• EXERCISE AIM: Each entry must be output exactly as it appears.

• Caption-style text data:
>>>>

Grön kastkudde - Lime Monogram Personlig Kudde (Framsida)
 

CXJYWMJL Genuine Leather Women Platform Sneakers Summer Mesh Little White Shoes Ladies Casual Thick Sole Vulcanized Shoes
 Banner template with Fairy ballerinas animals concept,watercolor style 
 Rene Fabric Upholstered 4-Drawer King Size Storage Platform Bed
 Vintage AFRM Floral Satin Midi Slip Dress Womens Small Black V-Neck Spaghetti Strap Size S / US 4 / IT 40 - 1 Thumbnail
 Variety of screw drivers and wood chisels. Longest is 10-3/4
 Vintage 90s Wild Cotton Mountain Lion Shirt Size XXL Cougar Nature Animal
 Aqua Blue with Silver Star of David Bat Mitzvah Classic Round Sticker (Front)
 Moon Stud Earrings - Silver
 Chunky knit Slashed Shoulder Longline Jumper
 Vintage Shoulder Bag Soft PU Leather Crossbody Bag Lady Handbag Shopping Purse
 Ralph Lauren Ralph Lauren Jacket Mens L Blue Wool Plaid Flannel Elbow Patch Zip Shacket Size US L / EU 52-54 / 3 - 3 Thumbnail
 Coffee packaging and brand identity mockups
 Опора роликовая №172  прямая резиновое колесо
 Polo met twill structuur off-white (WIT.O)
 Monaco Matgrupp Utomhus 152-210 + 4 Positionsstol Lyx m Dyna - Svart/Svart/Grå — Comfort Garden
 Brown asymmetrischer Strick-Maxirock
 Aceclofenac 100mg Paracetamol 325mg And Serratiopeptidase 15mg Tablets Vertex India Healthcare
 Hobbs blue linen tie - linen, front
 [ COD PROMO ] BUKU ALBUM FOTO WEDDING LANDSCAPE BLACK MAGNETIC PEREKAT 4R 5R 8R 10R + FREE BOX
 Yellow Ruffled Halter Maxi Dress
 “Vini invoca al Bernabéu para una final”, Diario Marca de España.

<<<<

• RESULT OF THIS EXERCISE:
Grön kastkudde - Lime Monogram Personlig Kudde (Framsida)
 

CXJYWMJL Genuine Leather Women Platform Sneakers Summer Mesh Little White Shoes Ladies Casual Thick Sole Vulcanized Shoes
 Banner template with Fairy ballerinas animals concept,watercolor style 
 Rene Fabric Upholstered 4-Drawer King Size Storage Platform Bed
 Vintage AFRM Floral Satin Midi Slip Dress Womens Small Black V-Neck Spaghetti Strap Size S / US 4 / IT 40 - 1 Thumbnail
 Variety of screw drivers and wood chisels. Longest is 10-3/4
 Vintage 90s Wild Cotton Mountain Lion Shirt Size XXL Cougar Nature Animal
 Aqua Blue with Silver Star of David Bat Mitzvah Classic Round Sticker (Front)
 Moon Stud Earrings - Silver
 Chunky knit Slashed Shoulder Longline Jumper
 Vintage Shoulder Bag Soft PU Leather Crossbody Bag Lady Handbag Shopping Purse
 Ralph Lauren Ralph Lauren Jacket Mens L Blue Wool Plaid Flannel Elbow Patch Zip Shacket Size US L / EU 52-54 / 3 - 3 Thumbnail
 Coffee packaging and brand identity mockups
 Опора роликовая №172  прямая резиновое колесо
 Polo met twill structuur off-white (WIT.O)
 Monaco Matgrupp Utomhus 152-210 + 4 Positionsstol Lyx m Dyna - Svart/Svart/Grå — Comfort Garden
 Brown asymmetrischer Strick-Maxirock
 Aceclofenac 100mg Paracetamol 325mg And Serratiopeptidase 15mg Tablets Vertex India Healthcare
 Hobbs blue linen tie - linen, front
 [ COD PROMO ] BUKU ALBUM FOTO WEDDING LANDSCAPE BLACK MAGNETIC PEREKAT 4R 5R 8R 10R + FREE BOX
 Yellow Ruffled Halter Maxi Dress
 “Vini invoca al Bernabéu para una final”, Diario Marca de España.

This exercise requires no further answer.